Industrial and basic materials companies have taken bigger losses than any other part of the market over the last month, and one reason is that investors feel they are especially vulnerable in the ongoing trade dispute between the U.S. and China. They’re already dealing with tariffs on imported steel and aluminum, which have increased their costs and can also hurt sales.

THE QUOTE: “If uncertainty starts to creep in around trade or growth, that could be a risk to the recovery in (capital spending) and corporate spending,” said Jill Carey Hall, senior U.S. equity strategist for Bank of America Merrill Lynch. She said investors will monitor company reports over the next few weeks to learn about their business forecasts and their spending plans.

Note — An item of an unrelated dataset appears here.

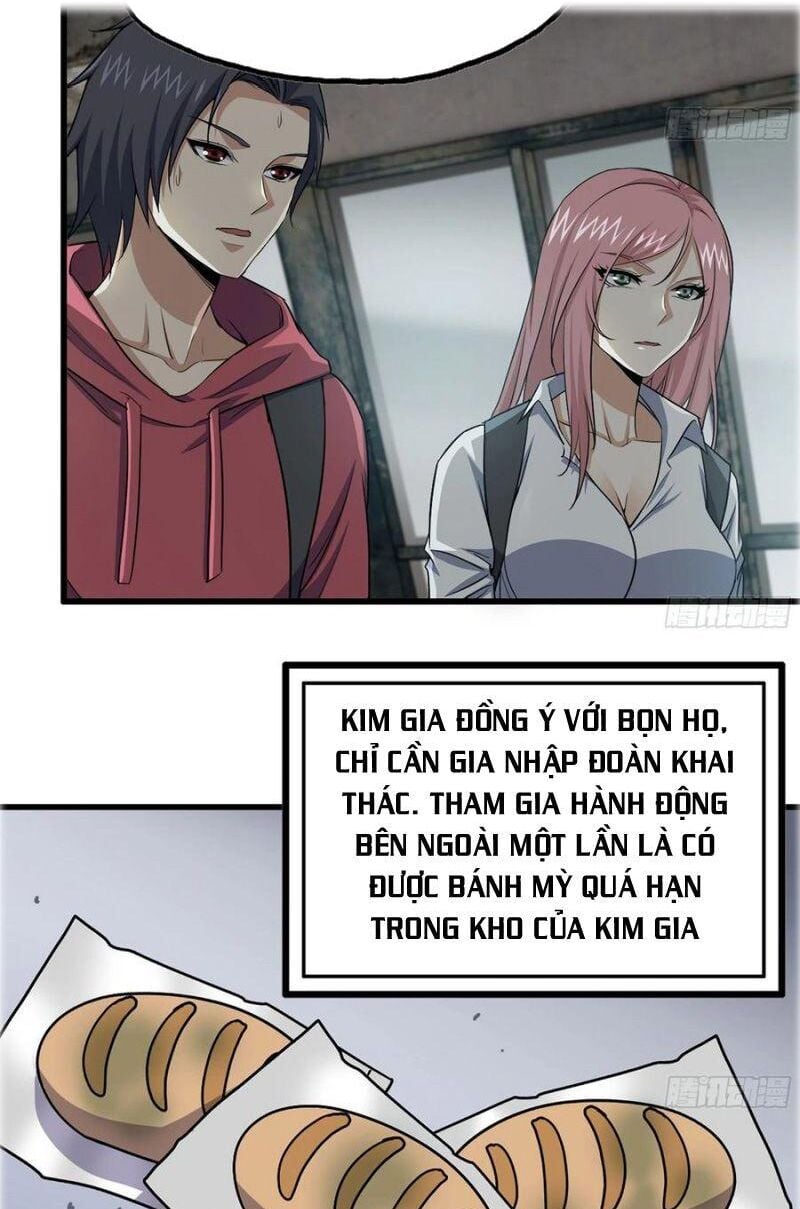 Tôi Chuyển Vàng Tại Mạt Thế Chapter 67 - Trang 9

GROWTH WOES: Stocks have skidded over the last two weeks, and there are signs investors are worried about future economic growth. The S&P 500 has fallen almost 6 percent in volatile trading since Oct. 3, and technology, industrial and energy companies have taken some of the biggest losses. Those companies tend to do better when the economy is growing more quickly and consumers and businesses have more money to spend.

Video game maker Activision Blizzard lost 7.5 percent to $72.36 and Apple fell 2.5 percent to $215.77.

The stocks that have held up the best include utility and household products companies. They don’t depend as much on economic growth, as consumers are likely to use about the same amount of electricity and buy the same amount of toilet paper or cereal regardless of the state of the economy.

The recent gains for those stocks is notable because the market’s slump began when interest rates started rising quickly. Utility companies and other defensive stocks often struggle when interest rates are rising. The companies are known for paying big dividends, similar to bonds, so when rates rise, investors often sell those stocks and buy bonds instead.

Carey Hall said that if the economy keeps growing and interest rates rise, investors might not want to choose between growth-oriented stocks or defensive ones. She said companies in the middle might do best, as some industrials, banks and older technology companies could perform better as the economy keeps growing, but they also have enough financial flexibility to raise their dividends.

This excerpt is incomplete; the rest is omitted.